Kafka was not deleted. It moved into an offline replay and analytics role, where it was less dangerous if operations became noisy.
Migration in Four Steps
The team started with mirror mode. A connector copied live Kafka traffic into staging Pub/Sub topics. Historical logs, roughly 1.2 billion events, were replayed to check delivery behavior and downstream compatibility.
Next came a feature-flag rollout. Five percent of producers switched first. Metrics stayed green, so the flag moved gradually to 100 percent.
Billing guardrails were added before full cutover. Pub/Sub is pay-per-use, so alerting on message volume and forecast drift was required from day one.
Finally, Kafka remained as a cold backup archive. It no longer decided whether checkout survived a spike.
Three Months Later
Black Friday produced a 10x surge. Pub/Sub absorbed the spike without an emergency SRE intervention.
p95 latency dropped from about 400 ms to about 130 ms.
The overnight Kafka on-call rotation disappeared. Engineers stopped spending launch nights restarting brokers and chasing disk pressure.

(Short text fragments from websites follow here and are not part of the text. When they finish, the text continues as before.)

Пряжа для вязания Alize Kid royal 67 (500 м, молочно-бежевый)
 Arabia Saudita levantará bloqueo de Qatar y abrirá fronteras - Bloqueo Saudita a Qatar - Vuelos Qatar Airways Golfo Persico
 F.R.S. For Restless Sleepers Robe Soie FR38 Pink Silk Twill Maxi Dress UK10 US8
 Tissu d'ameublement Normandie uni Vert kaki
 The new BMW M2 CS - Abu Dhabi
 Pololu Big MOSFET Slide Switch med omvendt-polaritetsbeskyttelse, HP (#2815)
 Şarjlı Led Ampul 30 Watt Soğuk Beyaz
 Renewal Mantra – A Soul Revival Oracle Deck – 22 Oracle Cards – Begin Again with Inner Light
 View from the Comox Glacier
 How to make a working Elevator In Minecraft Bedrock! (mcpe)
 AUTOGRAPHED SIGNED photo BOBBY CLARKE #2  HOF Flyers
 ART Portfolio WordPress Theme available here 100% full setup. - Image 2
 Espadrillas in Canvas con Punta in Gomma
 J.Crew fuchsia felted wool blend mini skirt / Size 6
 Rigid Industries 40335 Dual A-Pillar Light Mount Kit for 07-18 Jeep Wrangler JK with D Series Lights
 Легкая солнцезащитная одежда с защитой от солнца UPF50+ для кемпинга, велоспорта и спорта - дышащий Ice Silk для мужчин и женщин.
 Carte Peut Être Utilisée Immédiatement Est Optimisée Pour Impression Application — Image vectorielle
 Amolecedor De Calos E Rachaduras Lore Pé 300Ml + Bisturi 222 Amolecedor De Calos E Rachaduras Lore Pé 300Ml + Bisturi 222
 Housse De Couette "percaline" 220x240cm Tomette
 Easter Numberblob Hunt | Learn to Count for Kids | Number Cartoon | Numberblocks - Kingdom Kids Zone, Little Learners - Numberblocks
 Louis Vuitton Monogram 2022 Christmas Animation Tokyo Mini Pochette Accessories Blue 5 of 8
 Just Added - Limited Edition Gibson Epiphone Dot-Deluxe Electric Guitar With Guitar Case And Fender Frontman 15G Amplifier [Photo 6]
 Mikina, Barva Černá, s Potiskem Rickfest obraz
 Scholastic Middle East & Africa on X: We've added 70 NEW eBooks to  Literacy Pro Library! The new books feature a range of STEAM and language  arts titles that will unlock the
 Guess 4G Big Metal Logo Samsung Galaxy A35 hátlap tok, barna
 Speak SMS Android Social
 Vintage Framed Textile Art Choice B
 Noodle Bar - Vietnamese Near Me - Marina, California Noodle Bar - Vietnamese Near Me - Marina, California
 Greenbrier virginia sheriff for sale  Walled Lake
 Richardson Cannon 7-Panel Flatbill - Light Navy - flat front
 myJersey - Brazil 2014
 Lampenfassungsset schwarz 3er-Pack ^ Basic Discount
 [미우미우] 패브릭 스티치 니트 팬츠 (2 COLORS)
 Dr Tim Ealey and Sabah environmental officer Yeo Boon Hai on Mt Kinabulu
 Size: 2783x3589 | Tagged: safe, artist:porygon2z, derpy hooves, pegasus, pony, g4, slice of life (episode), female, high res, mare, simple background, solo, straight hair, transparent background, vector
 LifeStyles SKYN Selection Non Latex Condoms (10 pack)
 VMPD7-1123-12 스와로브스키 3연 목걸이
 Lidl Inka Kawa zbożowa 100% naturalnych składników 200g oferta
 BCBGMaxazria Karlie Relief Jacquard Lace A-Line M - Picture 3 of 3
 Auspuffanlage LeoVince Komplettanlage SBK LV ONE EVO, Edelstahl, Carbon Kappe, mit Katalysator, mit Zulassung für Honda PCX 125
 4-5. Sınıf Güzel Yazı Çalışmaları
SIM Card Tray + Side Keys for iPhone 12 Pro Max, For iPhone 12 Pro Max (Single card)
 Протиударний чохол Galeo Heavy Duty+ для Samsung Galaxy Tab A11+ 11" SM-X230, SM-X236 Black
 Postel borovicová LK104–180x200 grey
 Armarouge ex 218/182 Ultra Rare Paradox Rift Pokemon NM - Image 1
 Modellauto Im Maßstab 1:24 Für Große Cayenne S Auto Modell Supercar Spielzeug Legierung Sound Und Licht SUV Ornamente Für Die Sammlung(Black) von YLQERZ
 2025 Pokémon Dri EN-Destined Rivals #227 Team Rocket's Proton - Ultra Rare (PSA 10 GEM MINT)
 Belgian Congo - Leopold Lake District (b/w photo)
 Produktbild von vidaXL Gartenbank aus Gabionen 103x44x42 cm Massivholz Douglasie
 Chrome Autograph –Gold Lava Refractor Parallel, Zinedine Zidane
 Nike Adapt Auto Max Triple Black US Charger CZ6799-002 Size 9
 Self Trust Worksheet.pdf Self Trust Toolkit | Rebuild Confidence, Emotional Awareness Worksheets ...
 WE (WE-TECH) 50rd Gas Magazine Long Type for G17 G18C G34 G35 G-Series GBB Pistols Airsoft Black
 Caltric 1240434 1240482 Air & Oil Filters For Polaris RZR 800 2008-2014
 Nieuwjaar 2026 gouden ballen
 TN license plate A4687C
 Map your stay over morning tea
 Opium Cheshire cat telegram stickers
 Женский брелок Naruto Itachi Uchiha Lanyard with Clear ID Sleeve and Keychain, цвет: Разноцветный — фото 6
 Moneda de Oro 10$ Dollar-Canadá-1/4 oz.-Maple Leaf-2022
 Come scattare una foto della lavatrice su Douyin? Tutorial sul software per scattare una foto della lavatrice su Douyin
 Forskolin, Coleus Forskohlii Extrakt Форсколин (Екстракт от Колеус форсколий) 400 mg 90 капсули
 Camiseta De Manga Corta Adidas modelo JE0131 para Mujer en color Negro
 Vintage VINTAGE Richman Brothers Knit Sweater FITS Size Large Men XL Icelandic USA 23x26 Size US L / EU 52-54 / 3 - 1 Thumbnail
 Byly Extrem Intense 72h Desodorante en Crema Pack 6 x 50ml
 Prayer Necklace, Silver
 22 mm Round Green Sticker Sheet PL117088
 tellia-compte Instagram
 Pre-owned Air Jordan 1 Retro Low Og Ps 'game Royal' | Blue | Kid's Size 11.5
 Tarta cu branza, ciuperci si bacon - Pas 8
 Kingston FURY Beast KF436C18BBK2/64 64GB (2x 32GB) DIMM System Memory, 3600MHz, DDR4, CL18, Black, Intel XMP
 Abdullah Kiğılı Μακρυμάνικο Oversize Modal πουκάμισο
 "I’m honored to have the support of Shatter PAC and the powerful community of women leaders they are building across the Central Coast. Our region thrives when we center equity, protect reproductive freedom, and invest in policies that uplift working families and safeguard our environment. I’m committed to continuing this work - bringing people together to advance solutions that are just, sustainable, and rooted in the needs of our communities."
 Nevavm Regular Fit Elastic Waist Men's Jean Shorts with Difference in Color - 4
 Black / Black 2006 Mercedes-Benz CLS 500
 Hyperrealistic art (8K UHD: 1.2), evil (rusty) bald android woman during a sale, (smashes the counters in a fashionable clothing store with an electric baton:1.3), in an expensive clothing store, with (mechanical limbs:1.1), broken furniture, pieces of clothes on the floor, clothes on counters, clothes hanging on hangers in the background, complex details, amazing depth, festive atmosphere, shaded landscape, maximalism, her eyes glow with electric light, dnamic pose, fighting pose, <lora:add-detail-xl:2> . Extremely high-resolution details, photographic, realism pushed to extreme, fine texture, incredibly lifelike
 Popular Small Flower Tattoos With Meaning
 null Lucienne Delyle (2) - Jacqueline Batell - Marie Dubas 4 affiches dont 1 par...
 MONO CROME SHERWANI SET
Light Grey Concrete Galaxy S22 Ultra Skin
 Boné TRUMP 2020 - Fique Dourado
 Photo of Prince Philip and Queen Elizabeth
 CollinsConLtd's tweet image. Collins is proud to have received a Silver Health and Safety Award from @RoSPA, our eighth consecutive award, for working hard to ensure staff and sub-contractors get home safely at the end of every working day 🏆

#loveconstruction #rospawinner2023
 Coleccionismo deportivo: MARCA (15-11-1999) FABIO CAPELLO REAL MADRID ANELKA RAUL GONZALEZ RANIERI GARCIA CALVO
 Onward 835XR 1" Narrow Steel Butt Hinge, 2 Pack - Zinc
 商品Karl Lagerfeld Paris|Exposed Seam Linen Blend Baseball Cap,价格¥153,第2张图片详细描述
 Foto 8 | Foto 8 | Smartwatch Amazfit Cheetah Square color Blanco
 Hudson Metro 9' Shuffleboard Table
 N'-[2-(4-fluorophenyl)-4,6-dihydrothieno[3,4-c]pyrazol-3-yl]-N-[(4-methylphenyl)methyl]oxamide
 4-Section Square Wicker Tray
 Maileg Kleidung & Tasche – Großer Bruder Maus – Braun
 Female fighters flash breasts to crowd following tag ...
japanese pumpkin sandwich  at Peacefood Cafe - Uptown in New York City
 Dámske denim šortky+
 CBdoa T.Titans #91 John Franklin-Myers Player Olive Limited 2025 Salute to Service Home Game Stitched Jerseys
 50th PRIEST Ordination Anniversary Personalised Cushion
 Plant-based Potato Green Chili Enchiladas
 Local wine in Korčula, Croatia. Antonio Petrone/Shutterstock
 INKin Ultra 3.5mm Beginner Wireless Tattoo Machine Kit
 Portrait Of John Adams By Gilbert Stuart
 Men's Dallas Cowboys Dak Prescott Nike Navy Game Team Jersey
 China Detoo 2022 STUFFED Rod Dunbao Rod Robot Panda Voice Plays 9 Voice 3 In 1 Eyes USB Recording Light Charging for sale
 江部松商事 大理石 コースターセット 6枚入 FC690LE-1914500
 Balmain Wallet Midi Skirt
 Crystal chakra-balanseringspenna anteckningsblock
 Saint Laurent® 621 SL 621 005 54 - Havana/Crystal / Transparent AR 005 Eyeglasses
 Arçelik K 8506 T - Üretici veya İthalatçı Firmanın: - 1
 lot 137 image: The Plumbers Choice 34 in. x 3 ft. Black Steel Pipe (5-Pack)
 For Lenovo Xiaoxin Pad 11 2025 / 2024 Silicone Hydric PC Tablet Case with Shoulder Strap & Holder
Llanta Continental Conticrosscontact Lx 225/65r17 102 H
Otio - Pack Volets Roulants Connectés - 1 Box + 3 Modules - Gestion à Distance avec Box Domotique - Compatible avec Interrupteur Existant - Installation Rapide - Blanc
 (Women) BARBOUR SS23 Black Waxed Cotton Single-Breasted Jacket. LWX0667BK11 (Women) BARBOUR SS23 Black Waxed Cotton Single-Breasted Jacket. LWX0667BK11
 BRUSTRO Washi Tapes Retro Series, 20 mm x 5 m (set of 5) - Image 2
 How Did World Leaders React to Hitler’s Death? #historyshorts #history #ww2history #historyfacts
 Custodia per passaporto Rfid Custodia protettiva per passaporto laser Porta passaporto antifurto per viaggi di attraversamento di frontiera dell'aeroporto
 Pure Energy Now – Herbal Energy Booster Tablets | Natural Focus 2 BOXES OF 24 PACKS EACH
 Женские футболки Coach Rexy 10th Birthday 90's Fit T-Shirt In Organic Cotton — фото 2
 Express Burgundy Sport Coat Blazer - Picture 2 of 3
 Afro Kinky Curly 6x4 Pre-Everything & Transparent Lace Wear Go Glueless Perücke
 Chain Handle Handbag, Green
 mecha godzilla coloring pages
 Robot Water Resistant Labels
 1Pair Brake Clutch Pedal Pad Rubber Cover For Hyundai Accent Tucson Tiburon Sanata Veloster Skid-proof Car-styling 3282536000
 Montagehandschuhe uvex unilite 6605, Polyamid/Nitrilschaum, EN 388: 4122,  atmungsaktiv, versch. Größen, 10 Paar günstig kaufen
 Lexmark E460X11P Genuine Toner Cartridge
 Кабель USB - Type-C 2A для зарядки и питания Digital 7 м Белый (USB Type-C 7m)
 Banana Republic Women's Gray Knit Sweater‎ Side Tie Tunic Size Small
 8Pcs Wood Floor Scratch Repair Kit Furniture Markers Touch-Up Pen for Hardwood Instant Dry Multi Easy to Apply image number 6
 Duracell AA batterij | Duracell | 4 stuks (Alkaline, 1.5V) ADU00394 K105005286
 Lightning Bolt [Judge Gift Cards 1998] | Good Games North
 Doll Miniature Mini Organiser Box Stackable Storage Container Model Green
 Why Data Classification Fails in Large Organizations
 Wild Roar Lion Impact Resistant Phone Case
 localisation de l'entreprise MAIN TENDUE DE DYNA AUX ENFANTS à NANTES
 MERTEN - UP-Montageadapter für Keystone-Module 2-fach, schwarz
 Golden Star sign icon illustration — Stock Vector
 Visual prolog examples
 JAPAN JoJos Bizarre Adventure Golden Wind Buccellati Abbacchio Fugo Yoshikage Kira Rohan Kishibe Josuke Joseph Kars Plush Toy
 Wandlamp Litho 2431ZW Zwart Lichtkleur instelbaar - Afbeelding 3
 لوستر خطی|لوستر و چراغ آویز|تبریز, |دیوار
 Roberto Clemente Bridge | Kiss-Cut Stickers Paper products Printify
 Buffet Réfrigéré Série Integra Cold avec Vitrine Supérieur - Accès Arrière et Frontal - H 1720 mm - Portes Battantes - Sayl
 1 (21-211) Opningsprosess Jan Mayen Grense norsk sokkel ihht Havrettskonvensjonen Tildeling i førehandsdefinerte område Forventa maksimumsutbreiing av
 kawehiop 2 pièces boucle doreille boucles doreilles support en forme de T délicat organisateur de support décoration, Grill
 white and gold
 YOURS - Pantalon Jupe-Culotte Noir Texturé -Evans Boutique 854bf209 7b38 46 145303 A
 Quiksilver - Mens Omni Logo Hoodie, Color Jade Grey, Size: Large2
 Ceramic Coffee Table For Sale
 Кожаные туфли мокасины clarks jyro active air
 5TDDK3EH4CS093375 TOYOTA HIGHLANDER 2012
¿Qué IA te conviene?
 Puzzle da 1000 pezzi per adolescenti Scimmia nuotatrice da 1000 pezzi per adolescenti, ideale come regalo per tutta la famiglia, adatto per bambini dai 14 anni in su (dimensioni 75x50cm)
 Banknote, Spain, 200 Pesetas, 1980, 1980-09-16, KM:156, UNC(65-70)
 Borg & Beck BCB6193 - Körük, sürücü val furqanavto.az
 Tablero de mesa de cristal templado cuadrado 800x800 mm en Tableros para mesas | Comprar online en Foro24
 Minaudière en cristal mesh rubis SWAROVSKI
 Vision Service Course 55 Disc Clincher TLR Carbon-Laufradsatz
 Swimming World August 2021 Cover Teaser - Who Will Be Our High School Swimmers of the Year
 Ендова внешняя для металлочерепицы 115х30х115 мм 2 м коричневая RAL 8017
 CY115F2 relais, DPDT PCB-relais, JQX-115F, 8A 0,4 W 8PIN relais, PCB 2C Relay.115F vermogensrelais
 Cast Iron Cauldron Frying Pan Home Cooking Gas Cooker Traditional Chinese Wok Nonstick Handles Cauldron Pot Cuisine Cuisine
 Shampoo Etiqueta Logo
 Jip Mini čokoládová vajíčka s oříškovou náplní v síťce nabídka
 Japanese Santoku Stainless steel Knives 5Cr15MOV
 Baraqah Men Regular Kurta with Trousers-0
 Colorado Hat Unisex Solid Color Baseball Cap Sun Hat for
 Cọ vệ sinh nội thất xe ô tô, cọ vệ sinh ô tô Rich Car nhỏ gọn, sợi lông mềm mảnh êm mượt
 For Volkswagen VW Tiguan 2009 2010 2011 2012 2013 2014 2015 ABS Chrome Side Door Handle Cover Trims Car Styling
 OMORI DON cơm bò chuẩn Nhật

Most importantly, the payment platform now had a managed messaging layer with a clear uptime target and fewer custom failover paths to maintain.
The CTO summarized the trade-off simply:
"We traded sleepless nights for a predictable Pub/Sub bill."
Five Health Checks If You Still Run Kafka
Check partition balance before traffic grows. A hot topic can crush one broker long before cluster-wide CPU looks alarming.
Set retention with disk headroom in mind. Age-based retention is not enough when traffic can multiply overnight.
Avoid a single load-balancer dependency. Replicated brokers do not help if traffic enters through one fragile door.
Keep canary consumers on an alternate system. A shadow subscription can make failover a controlled IAM and routing change instead of a desperate rewrite.
Price the on-call cost honestly. Managed messaging is not always cheaper on the bill, but night-shift SRE hours are real cost too.
Takeaway for 2026
Kafka is a powerful system. Pub/Sub is a powerful managed service. The right choice depends on ownership, latency needs, compliance, operational maturity, and traffic volatility.
For this fintech payment path, the deciding factor was not feature richness. It was blast radius.
When a queue sits between a customer and a completed payment, the operational burden is part of the architecture. If the team cannot carry that burden during a launch spike, managed messaging may be the safer business decision.